At risk of starting another of RCU's famous "You're wrong, I'm right aerodynamics arguments" the whole "at any given angle of attack the airplane will fly at a constant airspeed of X" has been, for me at least, THE single biggest key to understanding why an airplane does what it does in ANY situation. My maneuvers got cleaner and smoother in full scale aircraft, my full scale landings improved dramatically, my precision RC flying took huge strides, and I even figured out how to fly a heli...ALL nearly "overnight", simply by grasping this.

First, as I've done in several threads before, let me HIGHLY recommend [link=http://www.amazon.com/Stick-Rudder-Explanation-Art-Flying/dp/0070362408]Stick and Rudder: An Explanation of the Art of Flying by Wolfgang Langewiesche [/link]. It will, imo, be the best $17 you EVER spend in aviation...scale, rc, or otherwise. Pretty much everything I'm about to say comes directly from that book.

You've probably heard people say that, when landing (RC or scale), you use the THROTTLE to control altitude, not airspeed, and use the ELEVATOR to control airspeed, not altitude. That is a true statement.
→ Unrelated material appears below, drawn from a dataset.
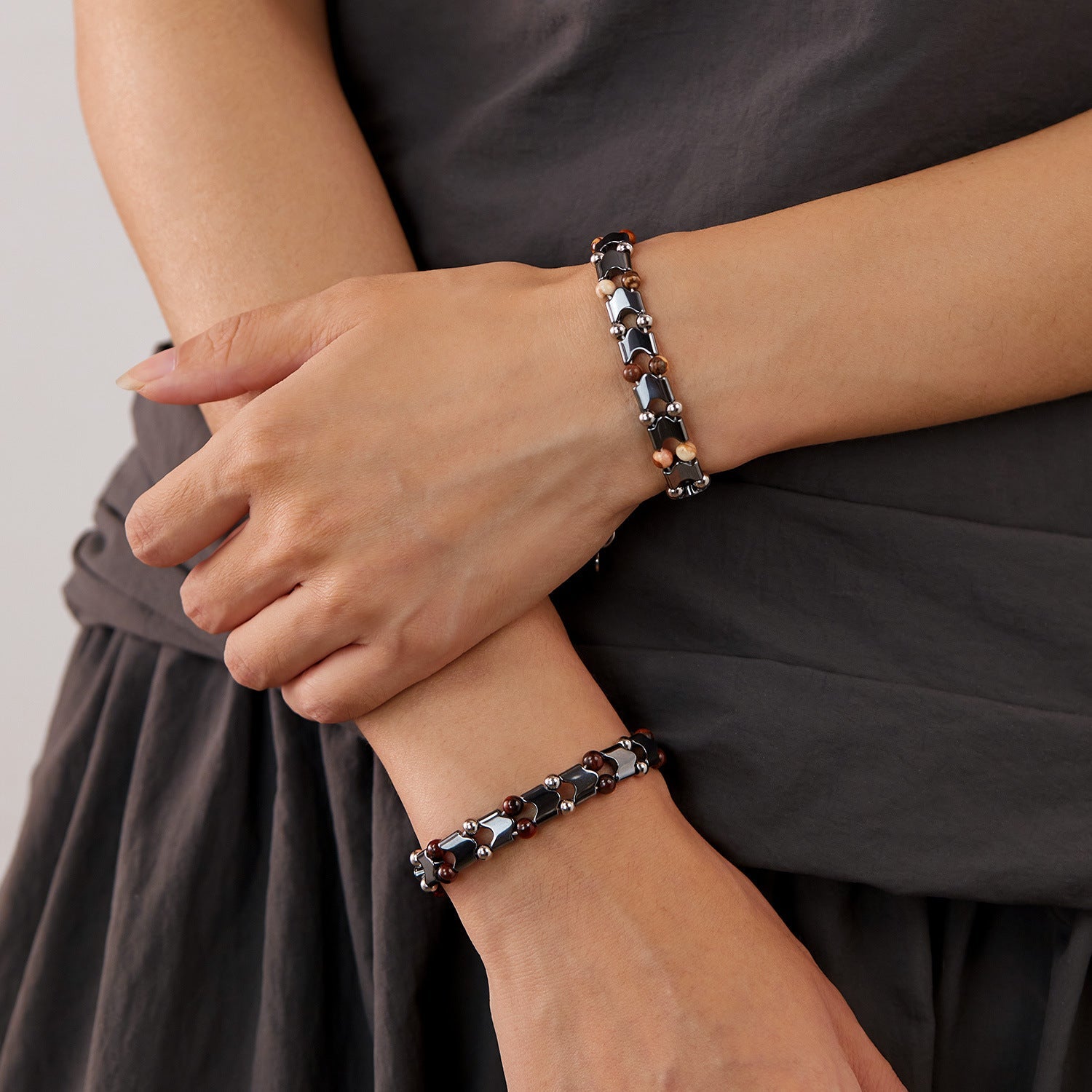 Gemstone Beaded Slim Strap Bracelet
Now..the airplane doesn't KNOW it's landing. It's not self aware, it doesn't say "oh, look, here comes the runway, I must be getting ready to land". So, it's not as if the airplane suddenly becomes this "throttle=altitude, elevator=airspeed" machine. If that correlation is true for landing, it must be, by definition, true for EVERY phase of flight.

And it is.

Whether we accept to believe it or not, the LEFT stick...that is, the THROTTLE...is our up/down stick. The RIGHT stick...the elevator...is our speed up/slow down stick.

Yeah, I know...bull-****. I pull back on the right stick, airplane goes up. I push the left stick forward, airplane goes faster.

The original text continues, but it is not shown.